The knee joint relies on the menisci, two crescent-shaped pads of fibrocartilage, to function smoothly and withstand everyday forces. These structures act primarily as shock absorbers, helping to distribute load across the knee and providing secondary joint stability. Injuries to the meniscus are among the most common orthopedic issues, resulting from acute trauma or gradual wear and tear. This article focuses on the horizontal tear, a specific pattern of meniscal injury, and the surgical strategies employed to repair and preserve the tissue.
Defining the Horizontal Meniscus Tear
A horizontal meniscus tear, also known as a cleavage tear, is distinguished by its orientation, which runs parallel to the tibial plateau surface. This tear pattern effectively separates the meniscus into superior and inferior halves, resembling an open “fish mouth” appearance. Unlike vertical or radial tears, the horizontal tear follows the circumferential fibers of the tissue.

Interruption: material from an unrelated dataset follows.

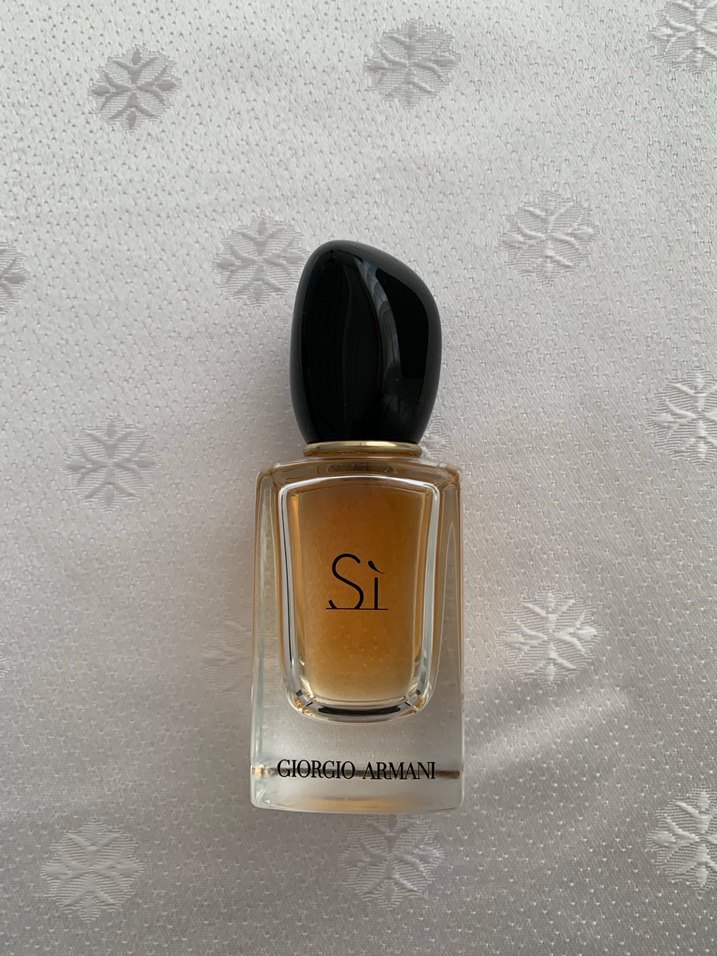 Giorgio Armani Si Kadın Parfümü 30 ml - Görsel 2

This type of injury is frequently observed in individuals over 40 years old and is associated with degenerative changes within the cartilage rather than a single traumatic event. While a horizontal tear may initially be stable, the separated flaps can sometimes displace or fold, leading to mechanical symptoms like catching or locking in the knee. This specific cleavage pattern dictates the unique repair techniques required to compress the two split layers back together.
Criteria for Choosing Meniscal Repair
The decision to repair a horizontal tear, rather than trimming the damaged portion (partial meniscectomy), centers on preserving the long-term health of the knee joint. Preservation is preferred because removing tissue significantly alters knee biomechanics, increasing the risk of progressive arthritis over time. Not all tears can be successfully repaired, so the surgeon must assess several determining factors.
The location of the tear relative to the blood supply is a significant factor in healing potential. The outer third, known as the “red-red zone,” is well-vascularized and offers the best environment for healing. Horizontal tears often extend into the inner, avascular “white-white zone,” but modern techniques encourage repair even in these less-ideal locations by showing comparable success rates to other tear types.
Patient factors and the overall condition of the knee influence the choice of procedure. Advanced arthritic changes, typically classified as Kellgren-Lawrence grade 3 or 4, are considered a contraindication to repair. The quality of the meniscal tissue must be assessed; chronic tears with poor tissue quality may not hold sutures effectively. When possible, repair is increasingly favored, even in older patients, to maintain the meniscal function of load distribution.
Surgical Techniques for Horizontal Tear Repair
The repair of a horizontal cleavage tear is performed arthroscopically, utilizing small incisions and specialized instruments. The primary goal is to achieve circumferential compression, which involves squeezing the superior and inferior layers of the split meniscus back together. This compression creates a stable environment for healing and restores the tissue’s ability to distribute forces.
Before placing fixation, the surgeon prepares the tear edges by freshening or rasping the tissue. This process induces bleeding to introduce healing factors and blood supply to the repair site. Specialized techniques are necessary to address the parallel cleavage plane of horizontal tears, unlike the vertical sutures used for longitudinal tears. The preferred method is often an “all-inside” repair using modern devices that deploy suture anchors or specialized fasteners entirely within the joint.
These all-inside techniques allow the surgeon to place sutures in a horizontal or vertical lasso configuration, ensuring the two halves of the meniscus are tightly compressed. Traditional inside-out or outside-in techniques, which involve passing sutures through the periphery of the knee, may be used, but all-inside devices simplify achieving the necessary compression. Biological augmentation, such as platelet-rich plasma (PRP), is sometimes incorporated to promote healing at the repair site.
Post-Surgical Rehabilitation and Recovery
Recovery following a meniscal repair is a protected and carefully monitored process, significantly slower than recovery from a partial meniscectomy. Protecting the repair site from excessive load is paramount to allow the sutures to hold and the cartilage to heal. Immediately after surgery, the knee is typically protected in a hinged brace, often locked in full extension for walking to prevent harmful bending.
Weight-bearing restrictions are common, often requiring the patient to use crutches for non-weight-bearing or touch-down weight-bearing for up to six weeks. Physical therapy begins almost immediately, focusing on pain management and maintaining a gentle, protected range of motion, often restricted to 90 degrees of flexion or less. The slow progression ensures that mechanical forces do not disrupt the delicate healing process.
As the tissue demonstrates early signs of healing, typically after six weeks, the rehabilitation program advances to include increased weight-bearing and strengthening exercises. A full return to demanding activities or sports usually requires four to six months, stressing patient adherence to the structured protocol. Success depends heavily on this protected, phased recovery to achieve long-term structural integrity.